AUERBACH CENTER, BRIGHTON – For the last time this season, the Celtics practiced at the Auerbach Center. Practice spanned a couple of hours, and crowd noise pumped through the facility in order to help emulate the feel of playing TD Garden.
Starting tomorrow, that’s where the Celtics will practice. Both the Celtics and the Mavericks will have a practice that is open to the media at TD Garden, and multiple players for each team will speak.
On Tuesday, only one Celtics player addressed reporters, but it was a highly-anticipated podium appearance: Kristaps Porzingis, who’s been out with a soleus strain suffered on April 29th, sat with a smile and provided a bit of insight on what his return to play has looked like, and what his mindset is entering the Finals.
We also heard from Joe Mazzulla, who reflected on Kristaps Porzingis’s looming return and addressed where the team’s mindset is at in the days ahead of the series starting.
Here’s what you need to know from today’s practice.
The journey to returning to action was lengthier than Kristaps Porzingis anticipated
Kristaps Porzingis confirmed earlier reports that the plan is for him to available for Game 1 of the Finals. It also sounds like his return to play was a little bit slow than initially anticipated; ESPN’s Adrian Wojnarowski had previously reported he could make his return as soon as Game 4 of the Conference Finals.
“As I said, it’s been long,” Porzingis said. “Maybe at first, everybody thought it was going to be quicker, but then it’s a little bit longer. So, it weighs on you.”
Porzingis said he’s been feeling better every day, and that he’s looking forward to getting on the floor, but stopped short of saying he felt 100% physically.
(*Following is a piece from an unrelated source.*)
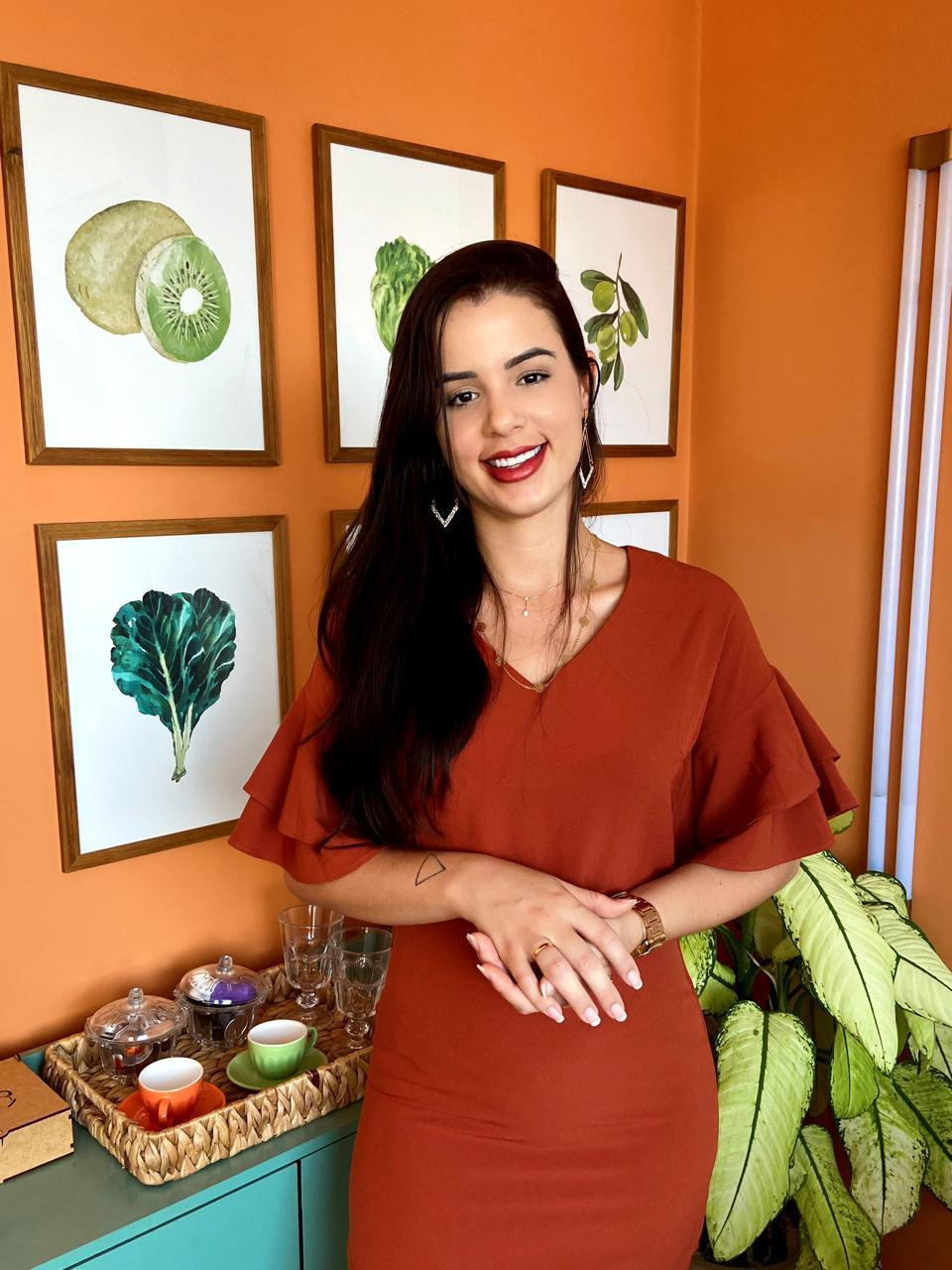 Close-up da especialista sorrindo, reforçando a transformação e satisfação.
“I don’t know. We’ll see,” Porzingis said. “I have a couple more days, and I’ve done a lot of work up until this point, and I’ve done everything needed to get back into playing shape. We’ll see on the night.”
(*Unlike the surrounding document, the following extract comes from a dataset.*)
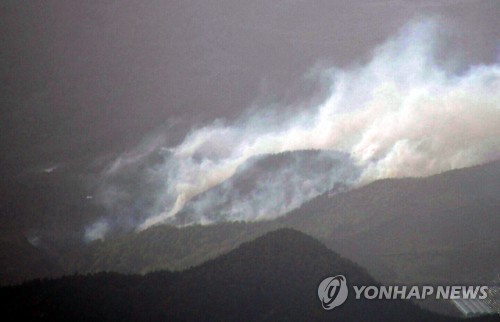 삼척에 산불, 3㏊ 피해…강풍 속 헬기 진화중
Asked about whether he’s running pain-free, he paused for about 10 seconds, smiled, and eventually offered: “Yes.”
Joe Mazzulla reflects on his biggest takeaways from the 2022 Finals
Joe Mazzulla couldn’t remember much about his mindset and approach heading into the NBA Finals in 2022, when he was an assistant on the Celtics.
“I didn’t really have a role in it because it wasn’t my scout,” Mazzulla said. “We just did things differently.”
As a second-year head coach, he certainly has a role to play now. But he doesn’t see it as substantially different from his role as the head coach during the regular season, when the Celtics were a league-best 64-18.
“The thing I remember the most is that going into winning games during the regular season is no different than what goes into winning a playoff game,” Mazzulla said. “And just because it’s the Finals doesn’t mean you need to focus on anything other than executing the details that are important.”
Mazzulla was asked about whether that’s any concern that the increased break between the Eastern Conference Finals and the Finals could cause him and the coaching staff to overthink the right gameplan.
“What constitutes the right gameplan? If we win?” he asked. “You could not do things well and win, you could do a bunch of things well and lose. I’m not sure what constitutes the right gameplan. We have a specific set of things that we’re looking to take away, and we have a specific set of things that we have to live with. On the offensive end, we have a specific set of things that we want to get to.”
Bonus Content: We didn’t get much footage from practice, but Derrick White and the regular group of assistant coaches competed in a new post-practice trick shot that entailed throwing one up high, shooting the other, and then also shooting the initial ball from the top of the key.